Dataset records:
▬▬▬▬▬▬▬▬▬▬

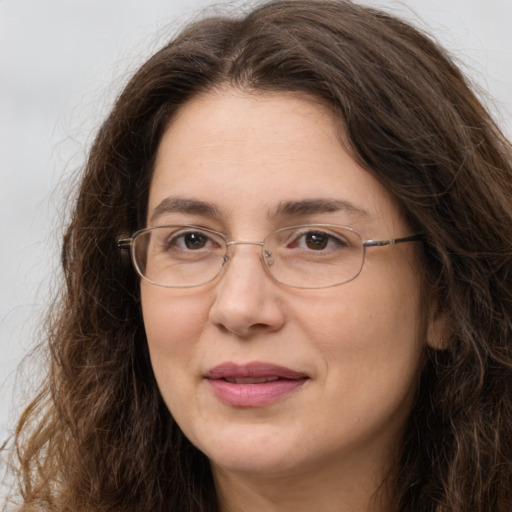 Joyful white adult female with long  brown hair and brown eyes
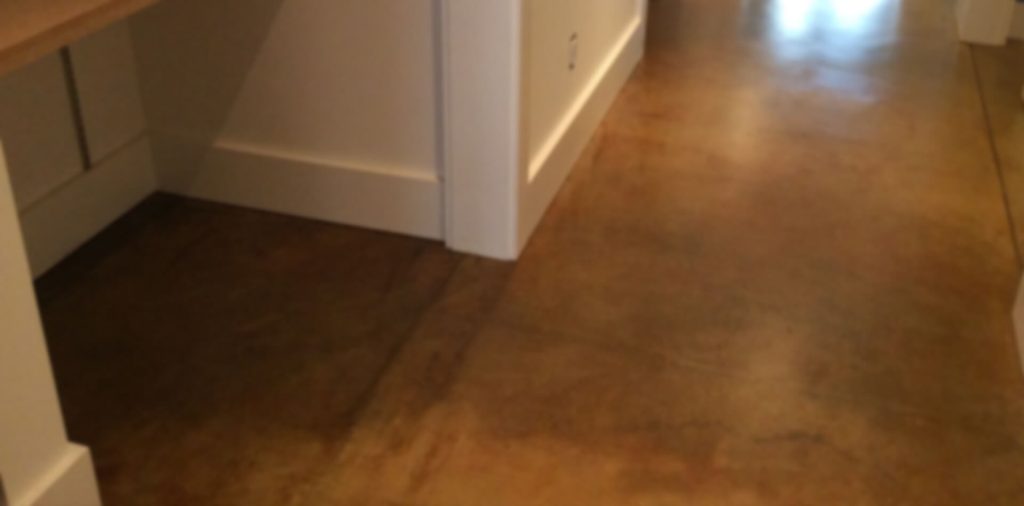 Acid-stained concrete overlay floor with warm brown tones in a California residential interior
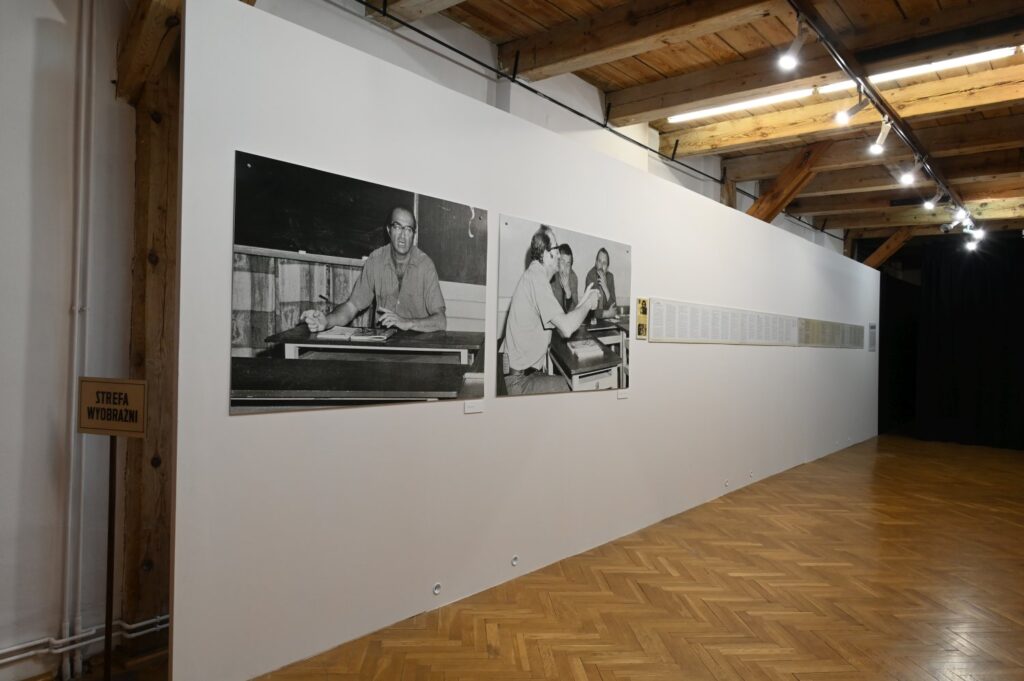 Fragment wystawy z czarno-białymi fotografiami dokumentalnymi; na ścianie widoczne są dwa duże zdjęcia przedstawiające osoby przy pracy oraz długi pas materiałów tekstowych; przed ekspozycją znajduje się wolne miejsce dla zwiedzających (kliknięcie powiększy zdjęcie).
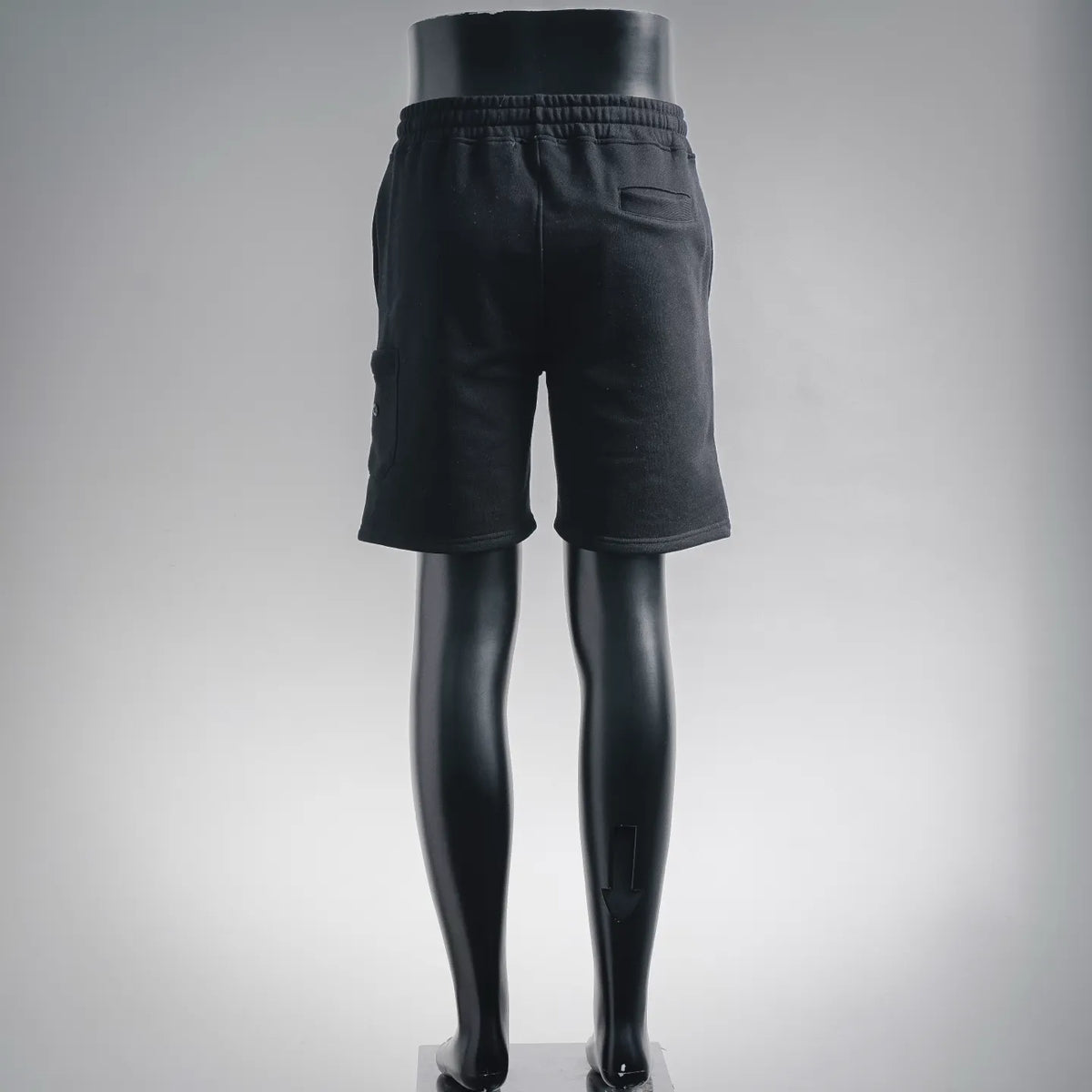 Stone Island dark shorts with elastic waistband and side cargo pockets, back view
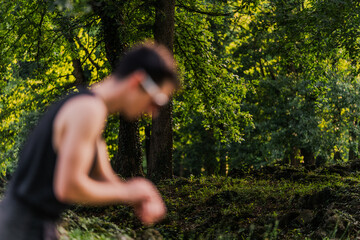 Background of an out-of-focus athlete training in nature. Copy space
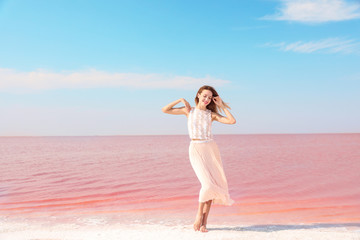 Fototapeta na wymiar Beautiful woman posing near pink lake on sunny day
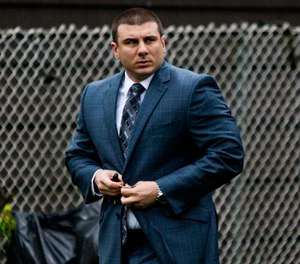 In this May 13, 2019, file photo, New York City police officer Daniel Pantaleo leaves his house in Staten Island, N.Y. (AP Photo/Eduardo Munoz Alvarez, File)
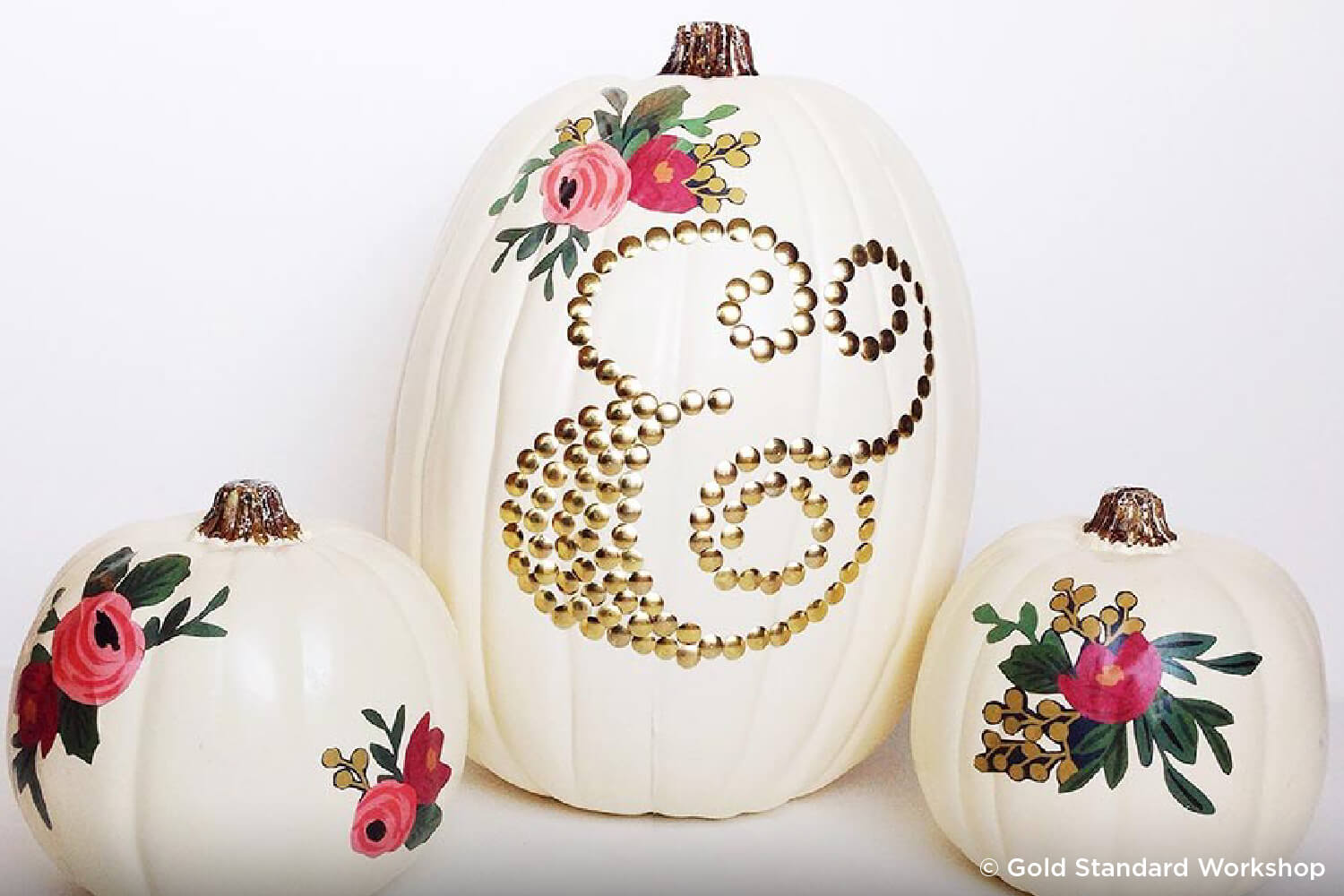 pumpkin decorated with thumb tacks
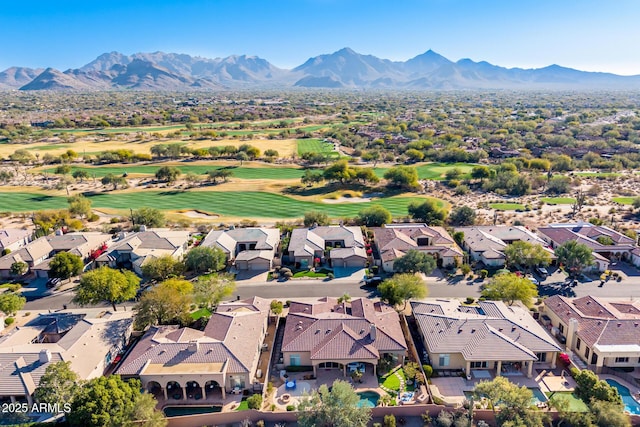 birds eye view of property featuring a mountain view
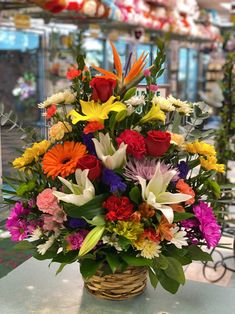 a basket filled with lots of colorful flowers on top of a table in a store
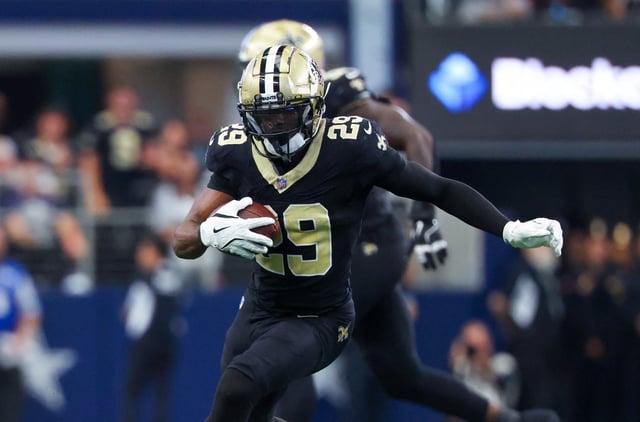 Sep 15, 2024; Arlington, Texas, USA;  New Orleans Saints cornerback Paulson Adebo (29) intercepts a ball intended for Dallas Cowboys wide receiver Jalen Brooks (not pictured) during the first half at AT&T Stadium. Mandatory Credit: Kevin Jairaj-Imagn Images/File Photo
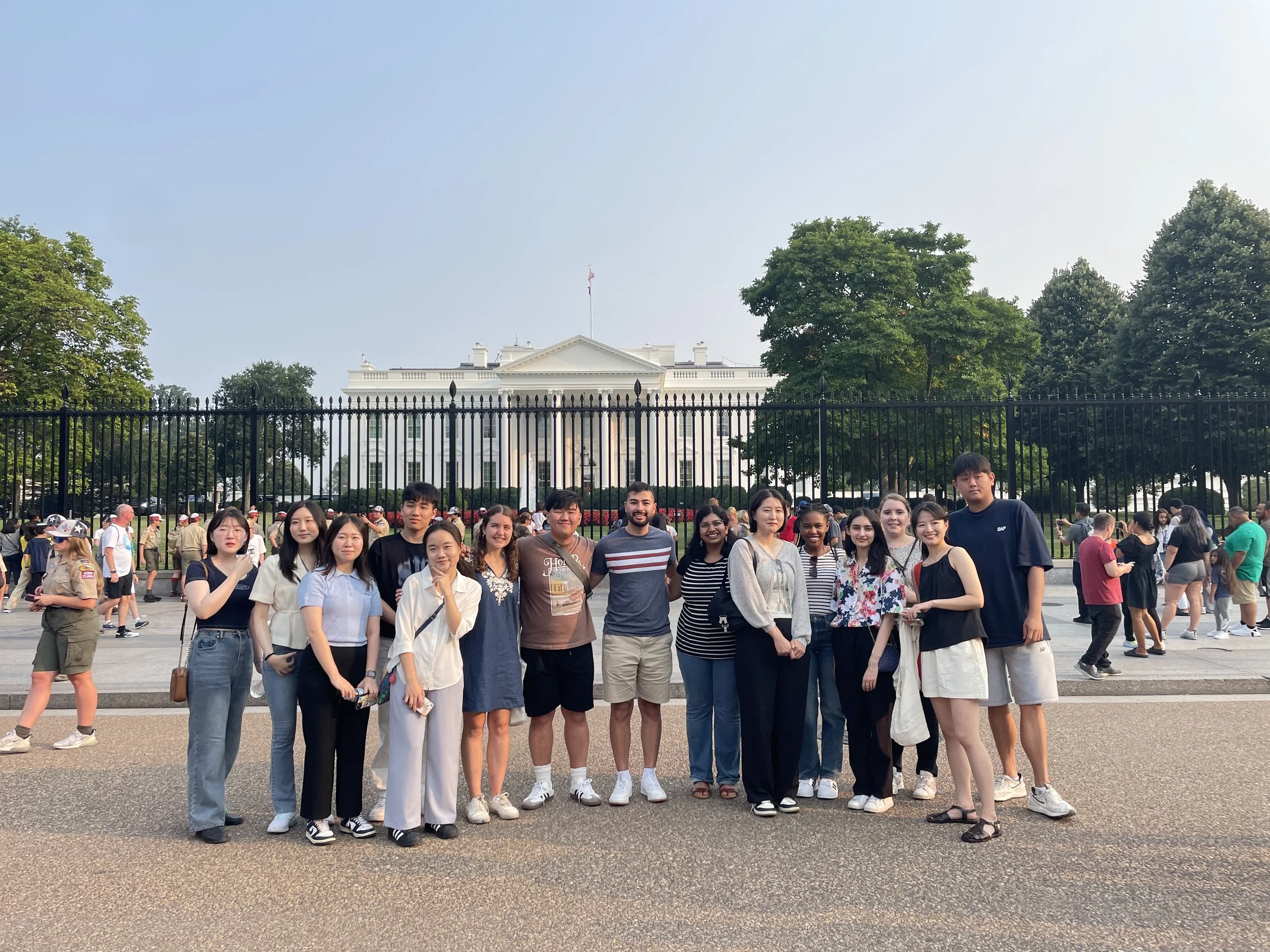 Group of diverse young adults posing in front of the White House with a fence and trees, some people in the background walking around and taking photos.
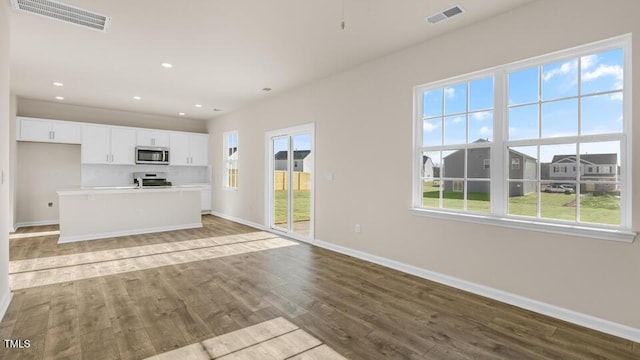 kitchen featuring a center island with sink, light countertops, stainless steel microwave, visible vents, and white cabinetry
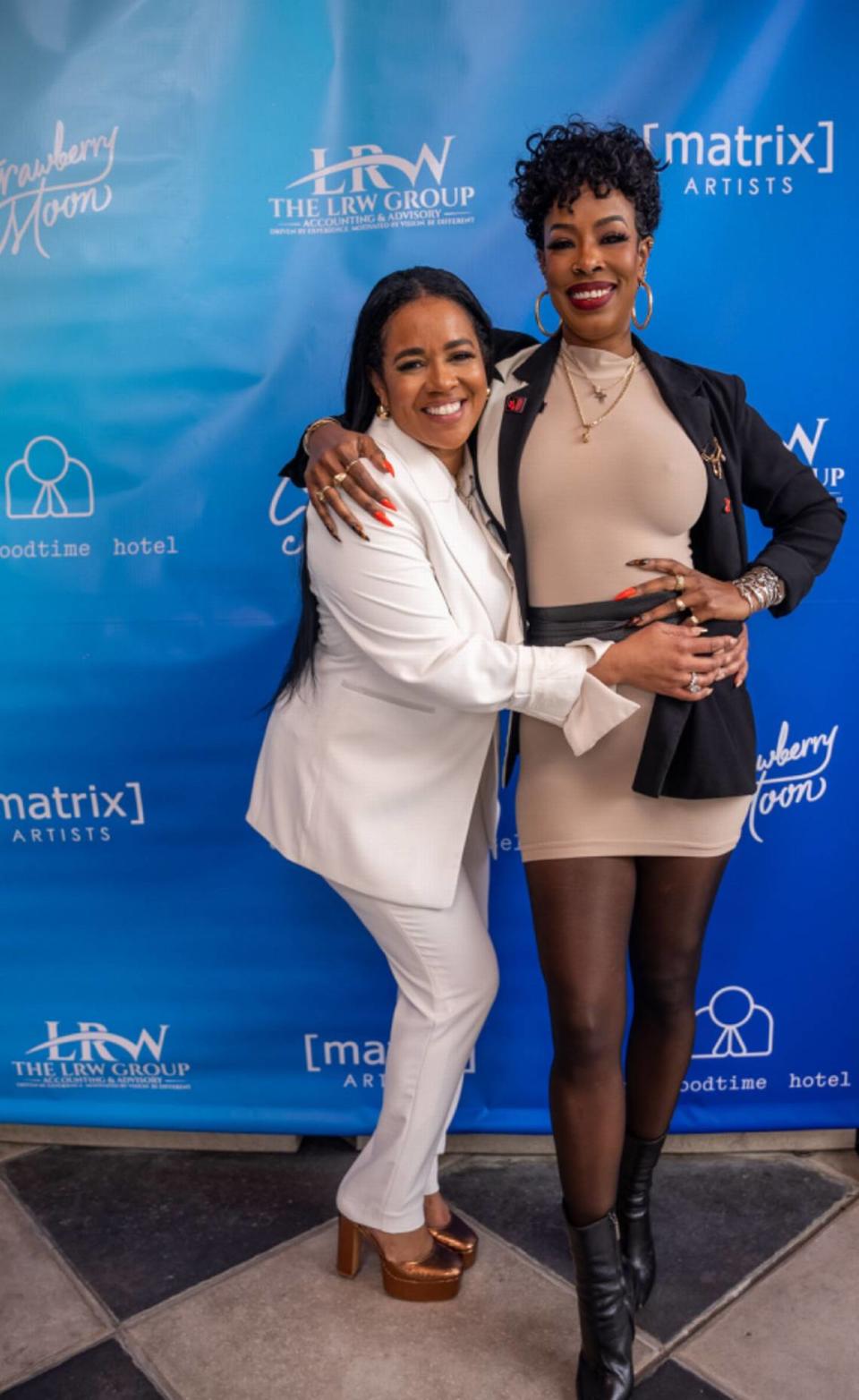Lahteefah Parramore, left, poses with her client Keema Chang, a Miami-based celebrity hairstylist and makeup artist.
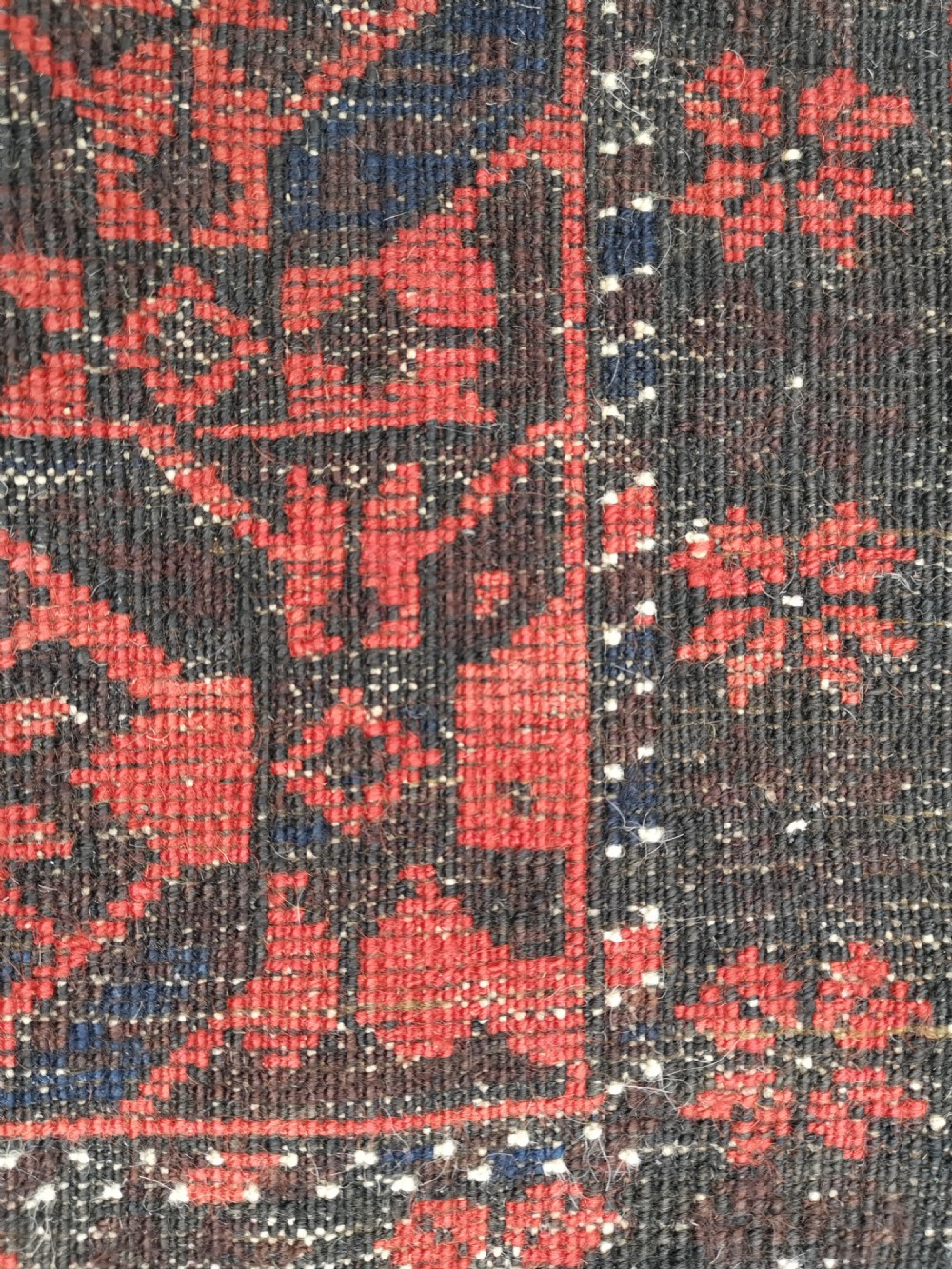 A hand-knotted Belouch wool rug featuring dark indigo blue and deep red geometric motifs framed by a decorative patterned border and cream fringes. View IV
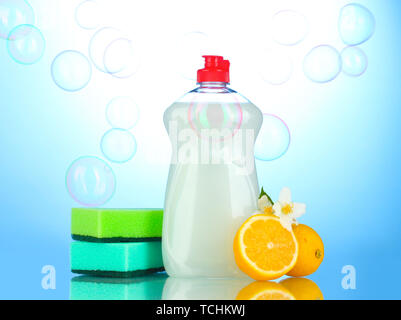 Dishwashing liquid with sponges and lemon with flowers on blue background Stock Photo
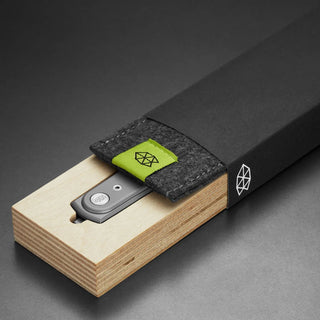 James The Duval Knife partially sheathed in black felt pouch with green tab inside natural wooden box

▬▬▬▬▬▬▬▬▬▬

Task details | A word-for-word copy is needed of the lines from the line with "Dishwashing liquid with" through the last line of the entries above, with both ends kept and the pictures dropped.

Your solution |
 Dishwashing liquid with sponges and lemon with flowers on blue background Stock Photo
 James The Duval Knife partially sheathed in black felt pouch with green tab inside natural wooden box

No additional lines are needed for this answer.